### To do
Starting at the line that contains "2 Baumann Traineau Chairs, Bemol restored", copy every line to the end of the material below exactly, and omit the pictures.

### Exercise materials
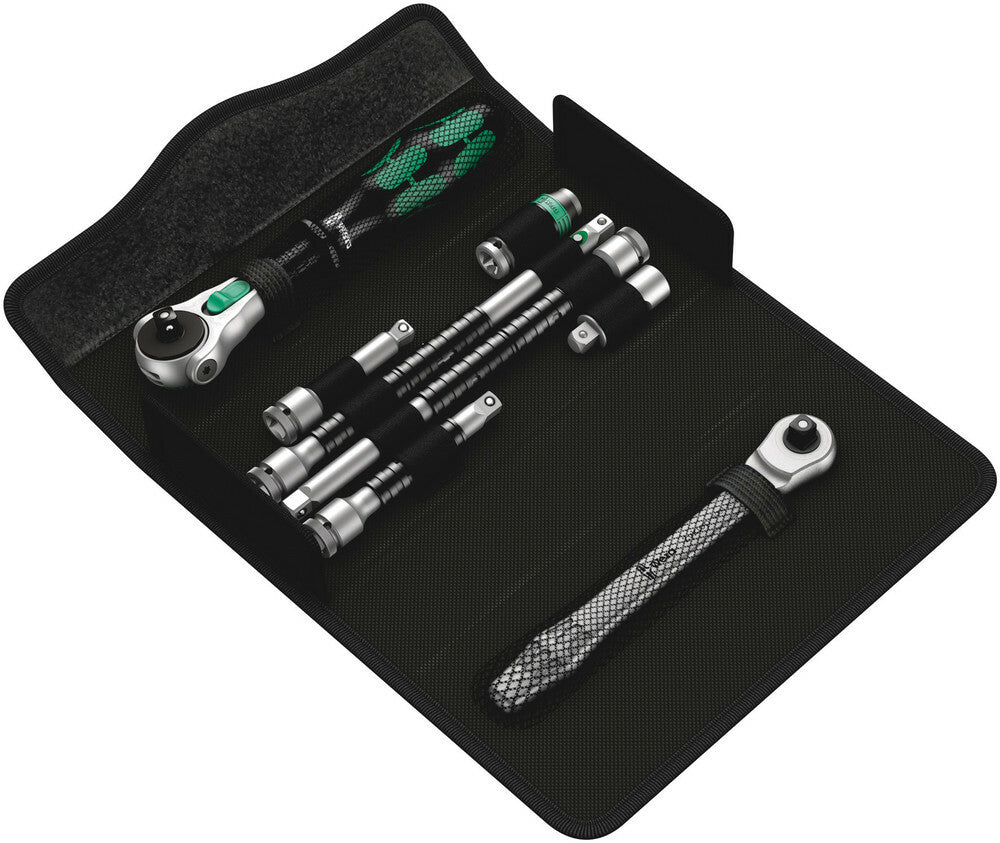 Wera Tools - Kraftform Kompakt Zyklop Ms1 Metal/Speed 1/4 Zyklop 1/4 Dr. Ratchet Set 8Pcs - 05135949001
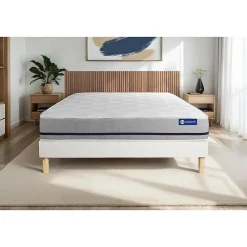 Actisom Ensemble Ressorts ensachés de confort Mi-ferme avec sommier kit* Ensemble Sommier Et Matelas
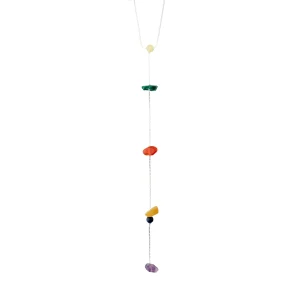 NARI Y-necklace silver-plated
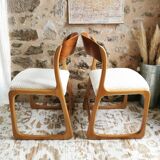 2 Baumann Traineau Chairs, Bemol restored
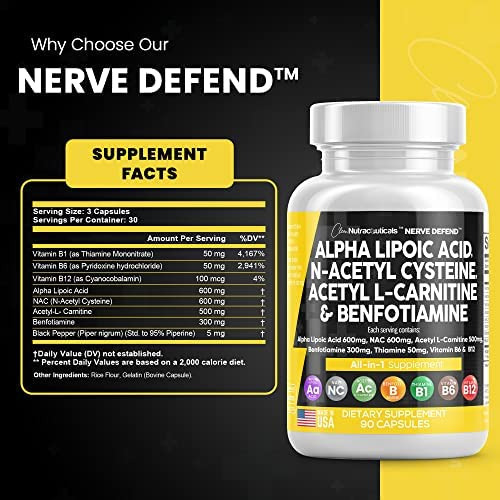 Ácido Alfa Lipóico 600 Mg N-acetil Cisteína 600 Mg Acetil L - Imagem 3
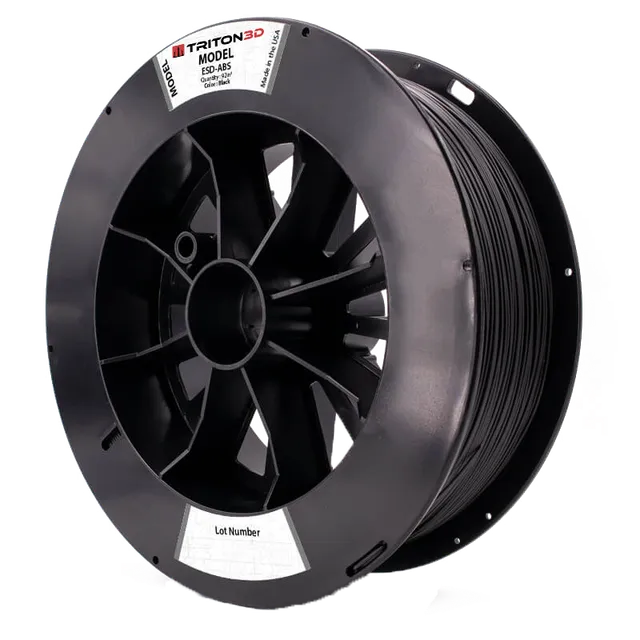 3DXTECH TRITON3D ESD-ABS filament černý 92in³ Stratasys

### Answer section
 2 Baumann Traineau Chairs, Bemol restored
 Ácido Alfa Lipóico 600 Mg N-acetil Cisteína 600 Mg Acetil L - Imagem 3
 3DXTECH TRITON3D ESD-ABS filament černý 92in³ Stratasys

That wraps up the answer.